Human Factors Causing Errors
Human factors can be understood as a multidisciplinary field that incorporates contributions from numerous other fields such as anthropometry, psychology, operations research, statistics, and industrial design (Moon, Yoo, and Choi, 2011). It is a term that covers the technology and understanding of the human capacity as well as the application of the awareness of the design, deployments of systems, developments, and the art of incorporating successful application human factor principles in the aviation industry. This is a factor that is of importance in aviation safety. Several, accidents that can be attributed to human errors are catalyzed by bad weather and miscommunication between the controller and the pilot. In some instances, a controller is usually not aware of entry of an aircraft into its local territory and therefore they are found unprepared to receive the aircraft. This is often a recipe for disaster.
Human factors have in the recent past received increasing popularity in line with the realization that human errors, rather than mechanical flairs as initially speculated, causes most of the aviation incidents and accidents. Many fatal accidents have been blamed on human error at the ATC. An example of such accident is Boeing 707 as it tried to land at JF Kennedy Airport. The plane arrived at Kennedy airport but due to bad weather, only one lane in the airport was opened for over thirty-three aircraft that land in the facility every hour, further, the controllers at the tower had no information about the limited fuel in the plane due to communication lapses with the pilots. So they directed it to an alternative landing point but it did not have enough fuel to get it to the new destination. The plane crashed killing sixty-five passengers and nine crew members just a few miles from the airport. Another fatal air traffic accident occurred in Linate Airport, Italy in the year 2001. Due to human error at the tower, Cessna Citation CJ2 business aircraft was cleared for takeoff on a runway that is not the main highway. Further, communication lapses and misunderstanding between the controller and the pilot led to the pilot taking the wrong turn and crossed the main runway, this led to a collision with Scandinavian Airlines Flight 686, a McDonnell Douglas MD-87 airliner, the accident led to the death of one hundred and eighteen people. These are illustrations of how human error can lead to deadly accidents.

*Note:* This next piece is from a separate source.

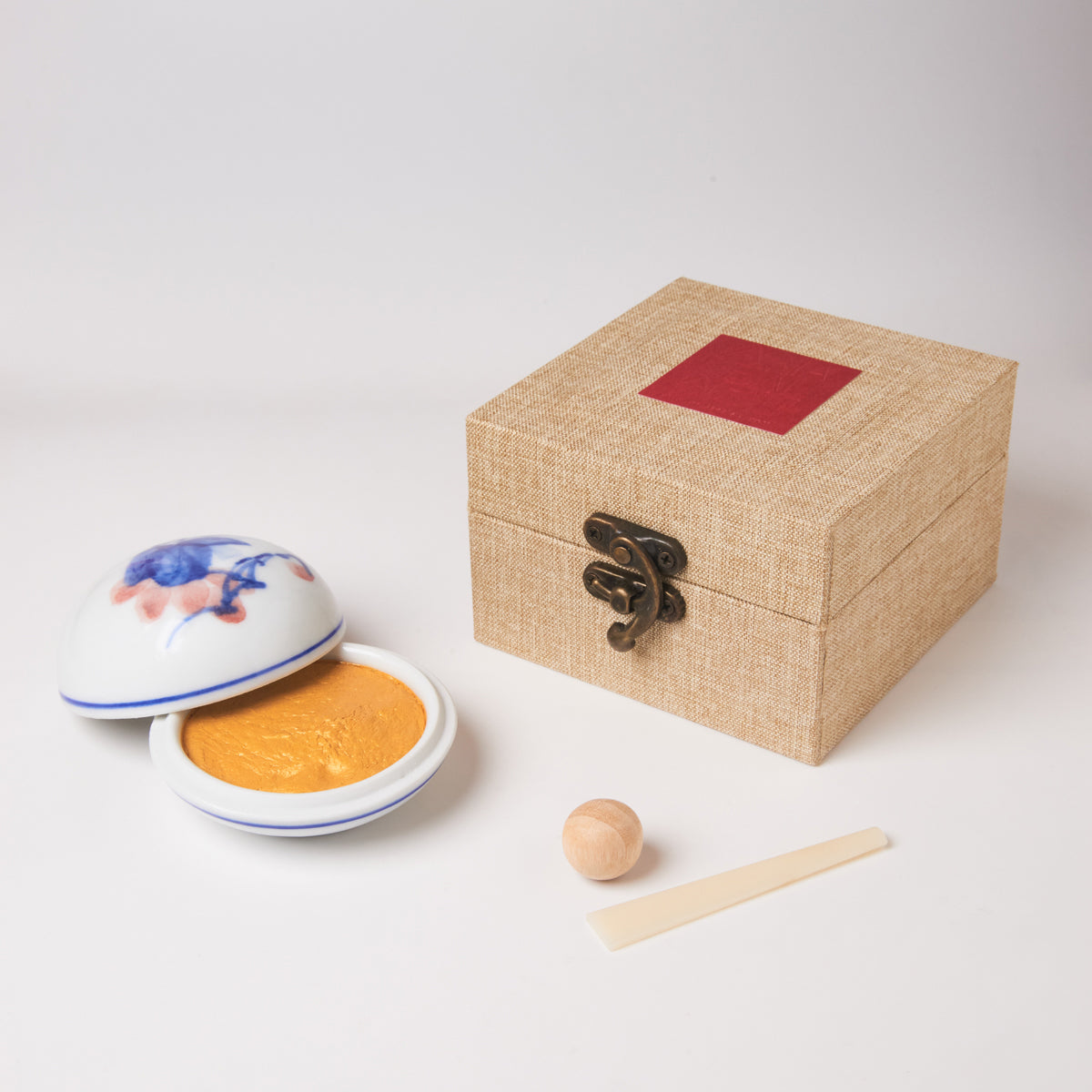 Special Sale: Painter's Kung Fu Ink, 30g, Boxed [Gold Ink Pad], Stamping, Calligraphy Supplies, Made in China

One of the most fundamental principles of aviation safety is ensuring that there is a safe distance between a given flying object and other objects in the airspace. Rules and regulation governing the distance of separation between aircraft and other objects including other aircraft have been formulated to enhance safety. This is where air traffic controllers come into the picture and their expertise is required such situations. It is the duty of traffic controllers to enforce those rules to ensure that at all times, objects in the airspace fly at a safe distance from each other or other objects in the airfield. In that regard, an operation error will occur if the stipulated procedures are not adhered to as result of equipment or human error (Chmura and Malarski, 2008). Increased air traffic presents the danger of increased human error-related accidents. In the recent past, increased number of drones is posing a challenge in the implementation of these regulations. Further, birds around the airport are also proving to be a real concern when trying to tame accidents. In some instances, however, controllers fail to adhere to this regulations mostly when the weather is bad and clarity has been reduced.
Additionally, the increase air traffic has led to an increase in accidents relating to human error. The definition of air traffic volume in ATC is considered as the maximum number of aircraft that are permitted to enter a given sector for a given duration of time. Heavy traffic volume directly translates to a heavy workload for ATC personnel which increases the probability of errors. The US Federal Aviation Administration (FAA) is aware that supplementary manpower to ATC is at times not provided as required. The result of this failure is heavy workloads for the ATC personnel increasing the probabilities of accidents happening due to fatigue and exhaustion. Today, it is no secret that the sector of ATC control is becoming more and more complicated as a direct consequence of the ever-increasing air traffic volume globally. This, in turn, results in increased information that the ATC personnel have to analyze and make prompt decisions, while on the other hand still balancing the implication of air traffic volumes. According to Gosling (2002), this means that the personnel is exposed to new situations and significant problems that they have never been exposed to before forming the primary cause of human errors.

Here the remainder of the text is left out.